How States Use Electronic Death Reporting with SSA

Beyond the Numbers

Tuesday, August 15, 2017
Posted by: 
Xavier Welch, OIG High School Intern

To ensure program integrity, SSA depends on death reports that are accurate and timely.

SSA uses death information to stop payments to deceased beneficiaries; however, if SSA never receives death information for beneficiaries or recipients, then payments could continue to the deceased person’s financial account.

Also, without death information, a person could commit fraud and continue to collect payments intended for the deceased, and it could affect other agencies that depend on SSA’s data.

SSA receives death reports from many sources, including friends and family members of the deceased and funeral homes; for several reasons, those reports might not always be completely accurate or provided to SSA in a timely manner.

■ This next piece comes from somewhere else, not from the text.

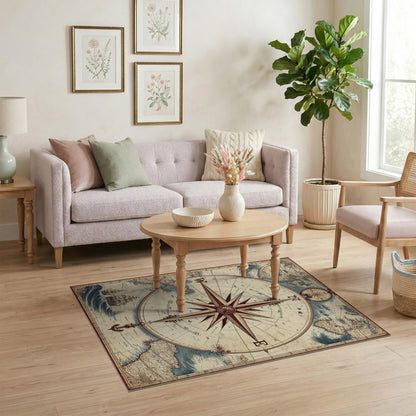 Brown and Tan Vintage Compass Map Area Rug
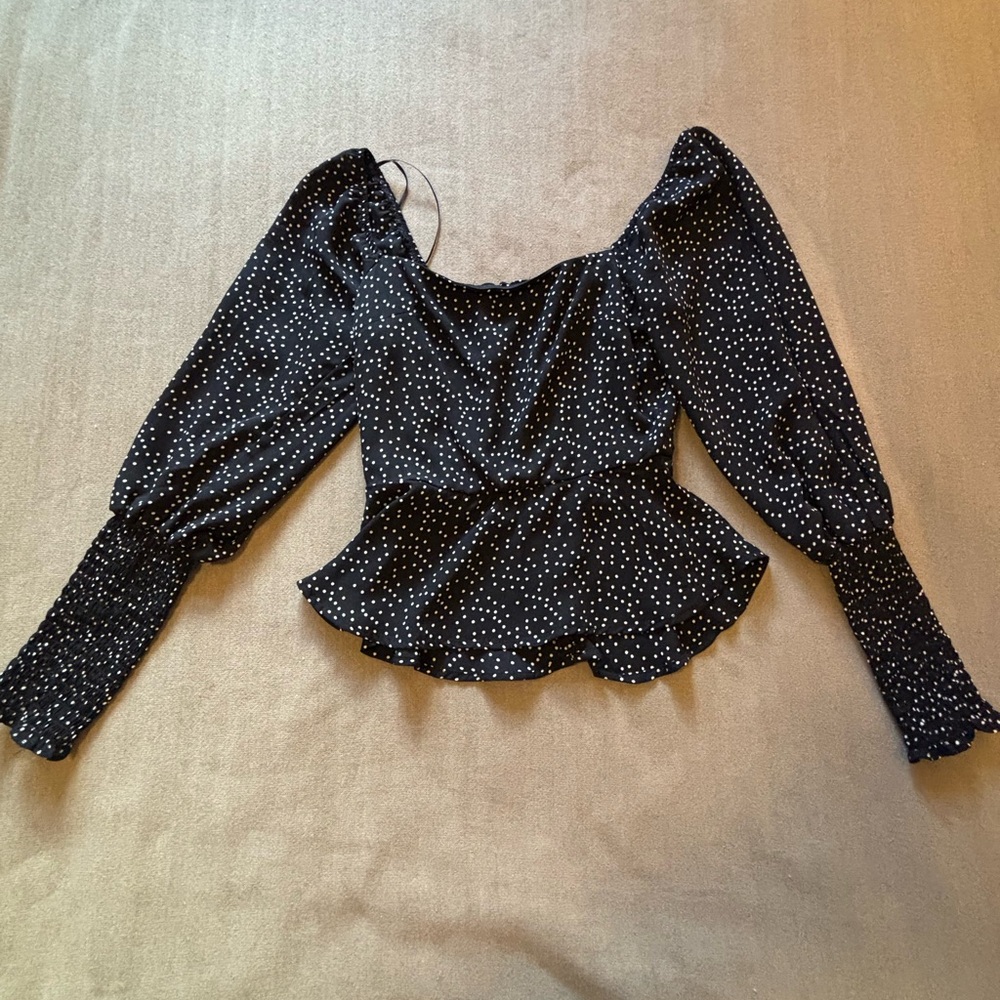 Black Polka Dot Women's Top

Through the Electronic Death Registration, or EDR, reporting process, SSA and the states aim to improve the accuracy and timeliness of death information.  Under EDR, states verify Social Security numbers and other identifying information with SSA at the beginning of the death registration process, improving the accuracy of SSA’s payment and death records.

The Department of Health and Human Services provides the states with funding to establish EDR.  Currently, 44 of 50 states, as well as New York City and Washington, D.C., have implemented EDR, as shown in the map below.  (Mississippi became the 44th EDR state in July 2017.)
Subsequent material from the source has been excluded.